The sediment in the lagoon and surrounding the atoll is mostly coarse sand, much of which originates from the corals and mollusc shells. The reef has the shape of an ellipse with its axis running east–west, and is about 3.7 by 2.5 km. There are two small islands inside the lagoon. Ilha do Farol (Lighthouse Island) covers 3.5 ha and Ilha do Cemitério (Cemetery Island) covers 3.2 ha. The highest point is 3 m above sea level. The reserve covers 35186 ha.

===Environment===
Rainfall is 109 mm annually. Air temperatures vary from 18 to 32 C, with an average of 29 C.
Water temperature is very stable at 27 to 28 C.
The islands are remote and have not been affected much by human activity.

===Wildlife===
An estimated 143,000 birds use the atoll, mainly masked booby (Sula dactylatra), brown booby (Sula leucogaster), brown noddy (Anous stolidus), black noddy (Anous minutus) and sooty tern (Onychoprion fuscatus). The reserve has been designated an Important Bird Area (IBA) by BirdLife International because it supports significant seabird colonies.

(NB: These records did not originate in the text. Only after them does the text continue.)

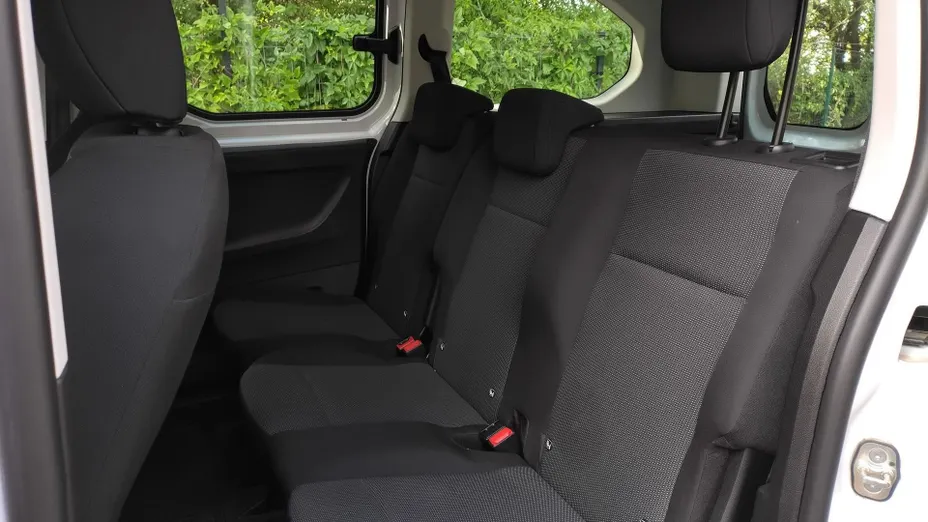 TOYOTA Proace City Verso Proace City Verso Long 1.5 D-4D Combi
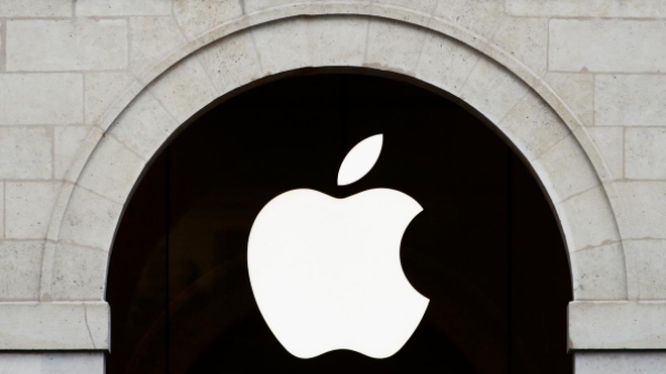 Apple 2000 tỷ usd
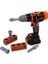 Smoby Black & Decker Elektrikli Matkap 360916 1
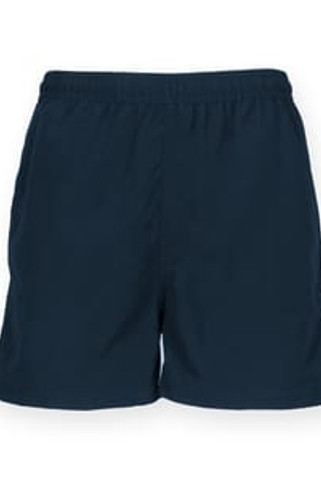 Tombo Start-line TL809 - Kids start line track shorts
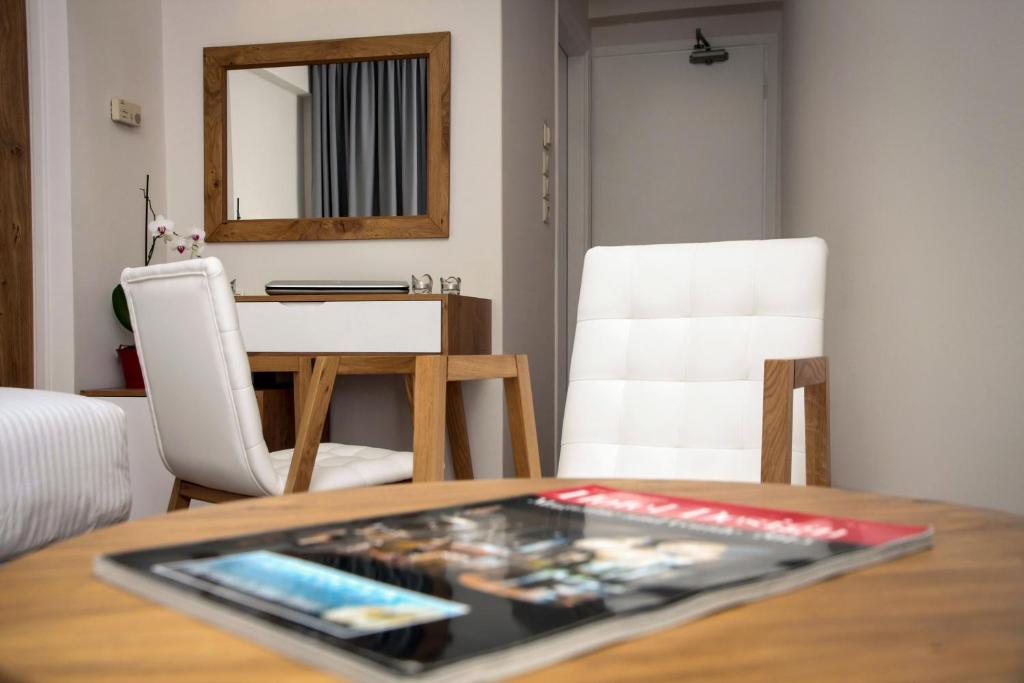 Green Hill Hotel - Resim 30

Protected species include the loggerhead sea turtle (Caretta caretta), hawksbill sea turtle (Eretmochelys imbricata), green sea turtle (Chelonia mydas), red-billed tropicbird (Phaethon aethereus), white-tailed tropicbird (Phaethon lepturus), the crabs Johngarthia lagostoma and Percnon gibbesi, the starfish Echinaster (Othilia) guyanensis, lemon shark (Negaprion brevirostris), and the corals Millepora alcicornis (sea ginger) and Phyllogorgia dilatata.

==Conservation==
The Biological Reserve is a "strict nature reserve" under IUCN protected area category Ia. It was created on 5 June 1979 and is administered by the Chico Mendes Institute for Biodiversity Conservation. The objectives are full preservation of biota and other natural attributes without direct human interference or environmental changes, except for recovery of altered ecosystems and actions needed to restore and preserve the natural balance, biological diversity and natural ecological processes. The reserve has been nominated as a World Heritage Site.